··· Provided records
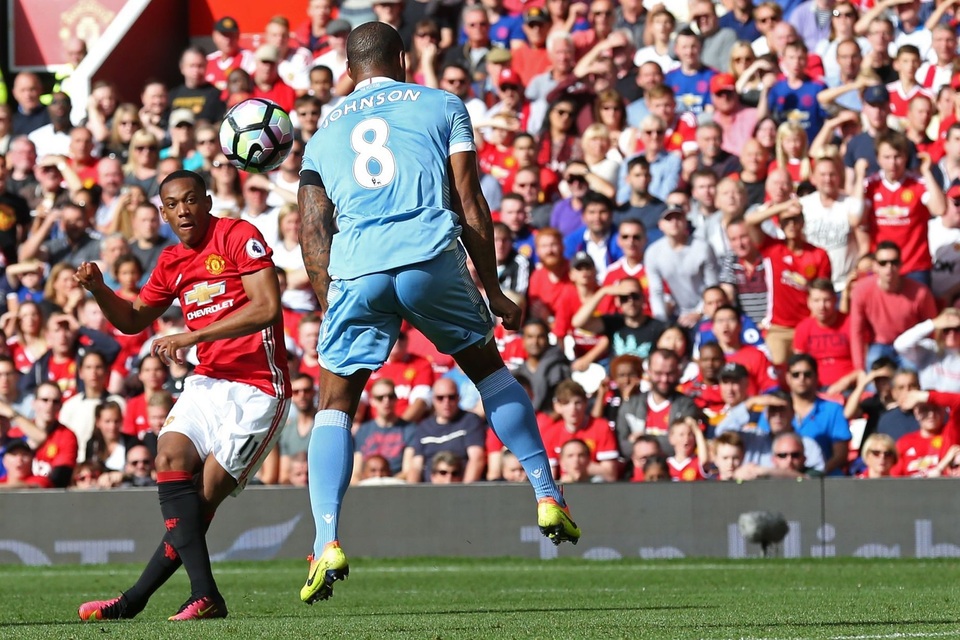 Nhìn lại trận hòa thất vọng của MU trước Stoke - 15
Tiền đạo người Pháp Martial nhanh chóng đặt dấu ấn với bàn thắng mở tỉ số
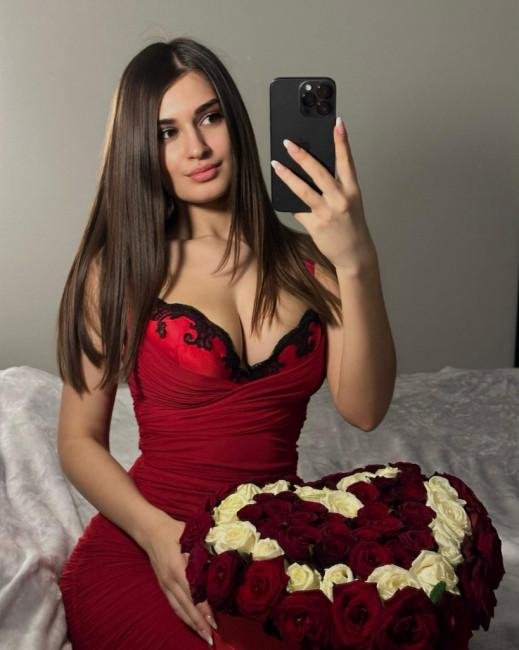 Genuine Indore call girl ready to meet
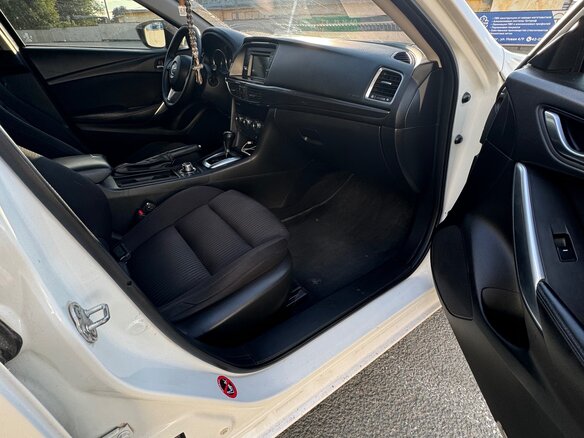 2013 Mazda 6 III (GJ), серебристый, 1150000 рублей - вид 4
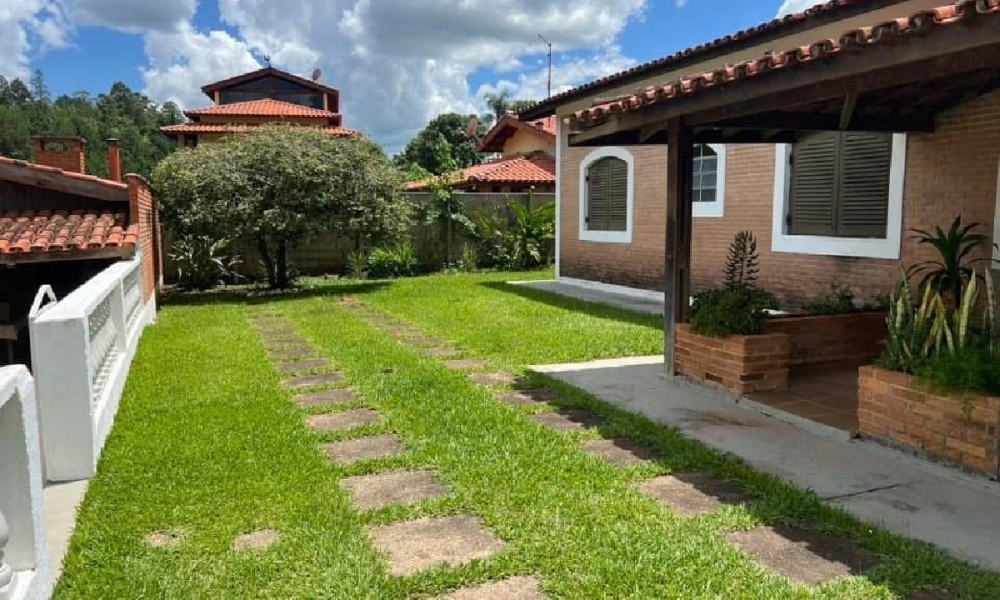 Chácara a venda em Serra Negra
······
Task statement:
Please return exactly the lines from the one containing "Tiền đạo người" through the end of the material above, both ends included, but not the pictures.

Exercise response:
Tiền đạo người Pháp Martial nhanh chóng đặt dấu ấn với bàn thắng mở tỉ số
 Genuine Indore call girl ready to meet
 2013 Mazda 6 III (GJ), серебристый, 1150000 рублей - вид 4
 Chácara a venda em Serra Negra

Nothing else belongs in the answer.